• **DESCRIPTION OF THE TASK**
Below are the records. Gather each line that holds "بةشةرت".

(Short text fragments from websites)

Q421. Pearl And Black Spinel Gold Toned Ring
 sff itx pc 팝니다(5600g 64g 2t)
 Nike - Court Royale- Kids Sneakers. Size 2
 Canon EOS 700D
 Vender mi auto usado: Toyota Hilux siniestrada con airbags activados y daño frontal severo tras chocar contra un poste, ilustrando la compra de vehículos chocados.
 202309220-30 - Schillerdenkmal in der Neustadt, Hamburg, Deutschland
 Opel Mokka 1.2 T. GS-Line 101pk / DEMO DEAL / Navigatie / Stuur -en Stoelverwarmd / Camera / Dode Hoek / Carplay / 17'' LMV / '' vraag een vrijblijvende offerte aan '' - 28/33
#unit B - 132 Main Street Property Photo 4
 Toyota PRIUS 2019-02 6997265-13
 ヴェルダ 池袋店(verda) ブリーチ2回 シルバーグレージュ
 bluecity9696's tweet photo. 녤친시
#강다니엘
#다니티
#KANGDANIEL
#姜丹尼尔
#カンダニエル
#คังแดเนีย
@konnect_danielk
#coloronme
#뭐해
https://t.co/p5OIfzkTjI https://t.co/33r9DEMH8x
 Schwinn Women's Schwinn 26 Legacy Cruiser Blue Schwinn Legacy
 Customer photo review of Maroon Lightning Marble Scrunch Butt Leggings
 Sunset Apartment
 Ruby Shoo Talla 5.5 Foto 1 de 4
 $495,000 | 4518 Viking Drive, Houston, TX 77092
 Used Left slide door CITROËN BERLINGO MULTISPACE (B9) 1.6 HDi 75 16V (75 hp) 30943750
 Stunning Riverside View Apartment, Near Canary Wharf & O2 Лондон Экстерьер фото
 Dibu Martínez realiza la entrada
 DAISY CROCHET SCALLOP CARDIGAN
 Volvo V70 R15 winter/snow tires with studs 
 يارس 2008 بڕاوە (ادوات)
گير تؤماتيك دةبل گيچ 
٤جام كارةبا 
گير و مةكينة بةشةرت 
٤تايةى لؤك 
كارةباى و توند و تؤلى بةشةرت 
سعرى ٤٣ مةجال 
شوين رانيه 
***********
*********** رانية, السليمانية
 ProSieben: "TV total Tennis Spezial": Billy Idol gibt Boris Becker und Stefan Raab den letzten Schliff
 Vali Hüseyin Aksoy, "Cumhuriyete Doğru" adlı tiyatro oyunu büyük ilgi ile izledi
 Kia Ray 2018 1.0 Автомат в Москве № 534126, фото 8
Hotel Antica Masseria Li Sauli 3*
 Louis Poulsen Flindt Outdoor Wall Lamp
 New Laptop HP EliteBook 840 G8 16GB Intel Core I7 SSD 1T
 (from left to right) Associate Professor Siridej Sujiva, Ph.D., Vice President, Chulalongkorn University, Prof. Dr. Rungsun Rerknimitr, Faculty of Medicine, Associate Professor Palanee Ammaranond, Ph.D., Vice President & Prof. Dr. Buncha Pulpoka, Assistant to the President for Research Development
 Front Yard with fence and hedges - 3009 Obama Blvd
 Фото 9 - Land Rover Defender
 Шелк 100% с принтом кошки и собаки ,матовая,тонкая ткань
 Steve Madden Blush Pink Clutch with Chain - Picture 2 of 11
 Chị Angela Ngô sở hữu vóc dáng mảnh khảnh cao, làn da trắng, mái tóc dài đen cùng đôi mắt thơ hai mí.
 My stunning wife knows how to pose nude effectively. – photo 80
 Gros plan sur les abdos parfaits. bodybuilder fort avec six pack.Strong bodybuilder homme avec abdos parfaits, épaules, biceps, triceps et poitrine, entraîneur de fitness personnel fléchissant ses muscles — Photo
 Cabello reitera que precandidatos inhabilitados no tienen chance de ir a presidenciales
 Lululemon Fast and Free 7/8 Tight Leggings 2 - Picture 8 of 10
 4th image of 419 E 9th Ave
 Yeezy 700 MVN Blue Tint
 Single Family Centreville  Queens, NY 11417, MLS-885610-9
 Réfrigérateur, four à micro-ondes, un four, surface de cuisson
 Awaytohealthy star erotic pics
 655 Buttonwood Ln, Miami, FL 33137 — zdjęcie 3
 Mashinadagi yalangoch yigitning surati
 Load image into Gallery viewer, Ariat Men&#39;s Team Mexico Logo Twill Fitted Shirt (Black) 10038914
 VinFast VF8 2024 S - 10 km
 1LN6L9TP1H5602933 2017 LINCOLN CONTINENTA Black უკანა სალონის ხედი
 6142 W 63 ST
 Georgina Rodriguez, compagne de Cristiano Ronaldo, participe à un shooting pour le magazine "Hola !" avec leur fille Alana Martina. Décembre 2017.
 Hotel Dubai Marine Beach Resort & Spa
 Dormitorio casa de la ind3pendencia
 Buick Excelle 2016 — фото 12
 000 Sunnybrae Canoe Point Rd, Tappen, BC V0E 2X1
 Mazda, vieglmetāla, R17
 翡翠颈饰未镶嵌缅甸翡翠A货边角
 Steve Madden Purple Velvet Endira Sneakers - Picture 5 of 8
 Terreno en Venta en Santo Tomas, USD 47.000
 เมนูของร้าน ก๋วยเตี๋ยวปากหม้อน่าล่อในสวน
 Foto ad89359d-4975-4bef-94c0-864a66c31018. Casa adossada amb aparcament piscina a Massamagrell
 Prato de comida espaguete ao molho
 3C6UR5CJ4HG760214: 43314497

• **EXPECTED ANSWER**
گير و مةكينة بةشةرت 
كارةباى و توند و تؤلى بةشةرت 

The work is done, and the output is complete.